A extrema-direita percebeu que a melhor maneira de ganhar rapidamente visibilidade social, maior influência e penetração mediática, era agarrar-se aos temas que instigam o medo e o desconforto social generalizado. O jogo perverso que as forças policiais racistas, e a extrema-direita, muitas vezes fazem de “Não temos condições para garantir a ordem, porque não há meios”, é perverso porque não é movido pelo desespero por melhorias, mas sim pela crença de que apenas uma sociedade com valores fundamentalmente fascistas e racistas conseguiria garantir melhorias no setor.


Quando Mamadou Ba mencionou os “troles” que enchem as suas redes sociais de mensagens de ódio, aproveitamos por destacar as declarações de Paulo Rodrigues, Presidente da Associação Sindical dos Profissionais da Polícia, que acusou algumas entidades políticas e associativas, como o Bloco de Esquerda e o SOS Racismo, de incitamento à violência e de colocarem a população contra a Polícia.
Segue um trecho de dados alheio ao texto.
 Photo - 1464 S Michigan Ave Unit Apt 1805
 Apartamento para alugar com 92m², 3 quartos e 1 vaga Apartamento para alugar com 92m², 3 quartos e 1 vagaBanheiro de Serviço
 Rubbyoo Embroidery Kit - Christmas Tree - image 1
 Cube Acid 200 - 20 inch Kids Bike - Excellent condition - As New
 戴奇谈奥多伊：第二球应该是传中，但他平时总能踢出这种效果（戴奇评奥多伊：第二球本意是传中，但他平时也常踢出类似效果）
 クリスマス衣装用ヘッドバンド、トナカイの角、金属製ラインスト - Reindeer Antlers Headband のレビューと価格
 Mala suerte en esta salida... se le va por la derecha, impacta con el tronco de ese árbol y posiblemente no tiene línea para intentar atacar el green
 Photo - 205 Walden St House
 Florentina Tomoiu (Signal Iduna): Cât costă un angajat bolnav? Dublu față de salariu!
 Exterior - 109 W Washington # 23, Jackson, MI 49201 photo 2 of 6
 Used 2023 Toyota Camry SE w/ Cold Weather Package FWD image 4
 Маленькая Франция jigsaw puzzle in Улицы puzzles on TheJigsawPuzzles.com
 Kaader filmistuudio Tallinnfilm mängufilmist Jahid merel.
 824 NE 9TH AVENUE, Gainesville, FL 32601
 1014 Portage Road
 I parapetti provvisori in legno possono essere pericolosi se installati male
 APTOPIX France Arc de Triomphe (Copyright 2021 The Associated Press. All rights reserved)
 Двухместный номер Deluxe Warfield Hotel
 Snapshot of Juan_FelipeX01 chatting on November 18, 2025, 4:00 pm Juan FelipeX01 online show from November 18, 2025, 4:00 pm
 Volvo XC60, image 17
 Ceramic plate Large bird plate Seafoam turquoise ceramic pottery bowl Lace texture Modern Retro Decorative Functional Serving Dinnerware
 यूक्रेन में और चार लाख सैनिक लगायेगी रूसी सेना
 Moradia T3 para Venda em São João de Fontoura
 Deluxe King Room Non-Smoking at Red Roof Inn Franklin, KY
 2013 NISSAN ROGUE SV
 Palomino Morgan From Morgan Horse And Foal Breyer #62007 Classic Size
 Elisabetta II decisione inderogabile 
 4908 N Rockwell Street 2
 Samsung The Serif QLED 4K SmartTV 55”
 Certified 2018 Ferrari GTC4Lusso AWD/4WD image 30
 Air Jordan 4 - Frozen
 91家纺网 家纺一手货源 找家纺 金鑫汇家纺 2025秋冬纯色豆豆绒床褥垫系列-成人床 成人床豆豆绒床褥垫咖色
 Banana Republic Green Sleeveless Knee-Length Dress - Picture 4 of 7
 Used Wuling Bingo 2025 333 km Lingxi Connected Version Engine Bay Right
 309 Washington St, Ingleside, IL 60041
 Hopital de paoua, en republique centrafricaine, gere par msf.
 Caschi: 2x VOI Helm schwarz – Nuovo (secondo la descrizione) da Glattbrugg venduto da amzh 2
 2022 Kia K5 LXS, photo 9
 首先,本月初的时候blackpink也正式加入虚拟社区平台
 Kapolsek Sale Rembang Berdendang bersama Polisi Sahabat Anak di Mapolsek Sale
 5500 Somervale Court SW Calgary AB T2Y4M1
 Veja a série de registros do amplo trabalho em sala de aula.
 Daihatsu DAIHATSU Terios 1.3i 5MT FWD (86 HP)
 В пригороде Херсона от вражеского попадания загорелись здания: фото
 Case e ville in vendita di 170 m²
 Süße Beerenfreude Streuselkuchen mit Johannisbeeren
Protesto contra o racismo, junho 2020 (Manuel de Almeida (Lusa))

Para Mamadou, a resposta não é difícil e começa com um desabafo “Eu tenho pena”, acabando por satirizar a ironia das palavras proferidas por Paulo Rodrigues. “[Paulo Rodrigues] pode inventar tudo e mais alguma coisa sobre o que representa o posicionamento público das organizações, nomeadamente a minha, o SOS, mas há uma coisa que ele não pode dizer nunca. O SOS nunca matou ninguém. Ele não poderá dizer isso dos seus colegas que já mataram pessoas”.


O preceito constitucional determina claramente que as pessoas não podem ser discriminadas em função da sua cor de pele, da sua orientação sexual, da sua condição social e o que é que rege uma democracia é a constituição. “É o nosso valor maior”.

E é pela defesa do “nosso valor maior” que a SOS RACISMO luta todos os dias. Numa longa batalha contra o racismo e a intolerância, ideologias extremistas como as aqui referidas.


Protesto contra o Racismo, junho 2020 (André Dias Nobre)

Quase a terminar a nossa entrevista, o Espectro questionou Mamadou Ba acerca da exerção do seu trabalho e das muitas repercussões que isto pode ter. Questionámo-lo acerca do medo. “As pessoas podem ter medo, e devem ter medo, é uma coisa saudável. […] Tem de ser um estado de alerta para poderem proteger-se, proteger os seus, proteger a sua atividade, mobilizar mais gente para mostrar que o perigo é real, existe e é por isso que têm medo. Porque há um perigo mesmo que é real, e que é ninguém pode viver com medo numa sociedade democrática”.